Elana Schor in Santa Fe, New Mexico 

The details on renewable energy transmission

Think of a power line as a highway for electricity. How easy would it be to force a highway to only allow hybrid cars on the road?
  
  


Think of a power line as a highway for electricity. How easy would it be to force a highway to only allow hybrid cars on the road?

Therein lies the dilemma for US renewable energy transmission officials such as Lisa Szot, executive director of the New Mexico agency in charge of putting more clean power into the grid.

Szot's goal is to build new power lines in her state that carry as much electricity as possible from renewable sources rather than existing coal-fired plants – the energy equivalent of kicking inefficient Hummers off a local highway.
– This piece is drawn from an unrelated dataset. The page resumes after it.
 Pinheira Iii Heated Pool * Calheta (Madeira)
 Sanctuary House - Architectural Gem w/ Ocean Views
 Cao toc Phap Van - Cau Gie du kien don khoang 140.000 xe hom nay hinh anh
To that end, her team has zeroed in on five renewable energy zones where the state's solar and wind energy is concentrated. Creating a power line that incorporated the zones into the existing grid, then, would allow the state to export clean electricity to its neighbours.

But the US electricity grid is highly concentrated in so-called regional interconnects, making the transmission of power from the solar-rich southwest to the cooler northeast highly challenging.

A proposal is pending in Congress, however, that would help the process along.

Senate Democratic leader Harry Reid, whose home state of Nevada neighbours New Mexico, has written legislation that would require the president to designate renewable-power zones across the US representing up to 1,000 megawatts of potential electricity.

Regional power agencies would have one year to evaluate the zones and choose the best locations for building new power lines. If no private companies can be found to invest in the transmission projects, financing for the new construction would then be available to the local governments where the zones are located.

"Utility executives like to say that we can't afford to build transmission lines that carry only or mainly renewably generated electricity," Reid testified at a congressional hearing this week on renewable energy transmission.

"They like to say it just doesn't pencil out. But if they say that, I just don't think they've really tried very hard to crunch the numbers."